Further, addiction means that the person experiences incredibly strong biological cravings for alcohol or drugs. Withdrawal, a painful process during which the body is denied the alcohol or drugs it craves, is often a terrifying prospect. Although most treatment programs will handle withdrawal gently using a medically supervised process called medical detoxification, fear of withdrawal symptoms (or fear of cessation of the feeling association with drinking or taking drugs) can be strong enough to cause a person to acknowledge the need for treatment, yet refuse to go.

Even the most well-known and successful interventionist may not connect with the patient

If you have ever been to psychological therapy, you may know that it is not always easy to find a therapist that fits. Characteristics such as gender, treatment style, personality and social status may attract us to or repel us from a particular therapist.

The relationship between patient and interventionist can be similar to the relationship between patient and therapist. Although the interaction between interventionist and patient is often brief (as opposed to therapy which is long-term), the patient will probably not agree to treatment if she does not feel comfortable enough with the interventionist to trust him. Although a disconnection between patient and interventionist may not have anything to do with the competency or talents of the interventionist, it will have the same effect as using an incompetent or inexperienced interventionist, i.e., a failed intervention.

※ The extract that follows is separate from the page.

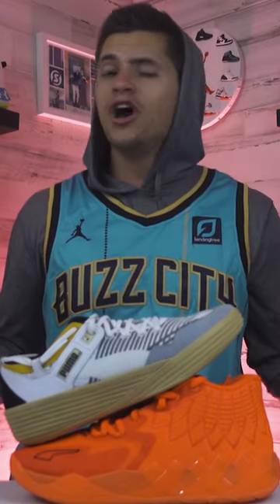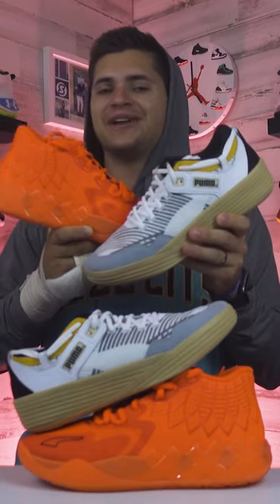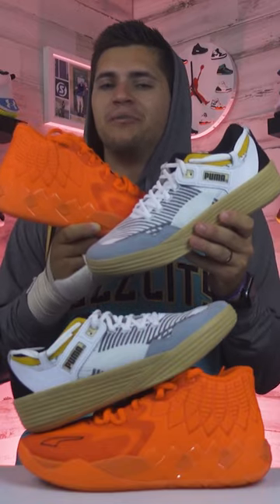Now looking at the traction to finish it off, both of these models are super sticky — not really a clear way to lean, so I'm gonna call that a tie there too. And that is gonna lead to me going with the rare tie as the better shoe to hoop in. Before the full breakdown, you can check that out on our YouTube channel, but until next time, peace.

One major difference between choosing a therapist and choosing an interventionist is that the subject of an intervention is not permitted to make the choice herself. Instead, a family member or friend has taken the choice away from her prior to the start of the intervention. This feeling of being forced to allow a stranger access to an intensely personal situation may overwhelm the intervention regardless of the interventionist. However, selecting an interventionist that the patient can connect with or, more importantly, has already been through what the patient is going through can go along way to encouraging trust between patient and interventionist.

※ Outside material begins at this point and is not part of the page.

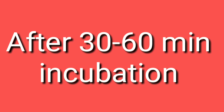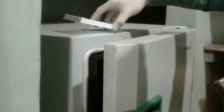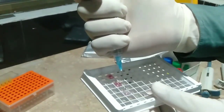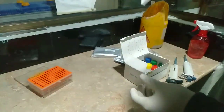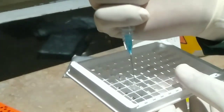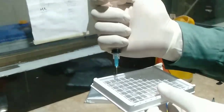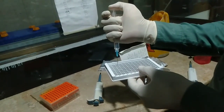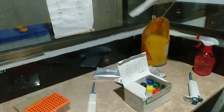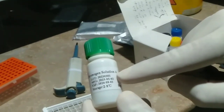After loading the conjugate, we keep the ELIZA plate in the incubator or at room temperature for 30 to 60 minutes. After incubation, we take out the plate and wash it again — three to five times. We fill each well, mix, and discard. This is the first wash, then the second wash, and then the third wash.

The process of selecting an interventionist should be handled with extreme care. Some of the best interventionists will be former alcoholics or drug addicts who have already walked in the patient’s shoes and can address the addiction-related fears and concerns that family and friends may not even be aware of, never mind be able to address. Since selecting the wrong interventionist can torpedo an otherwise favorable intervention, do not be afraid to explore the personal background and success record of any prospective interventionist.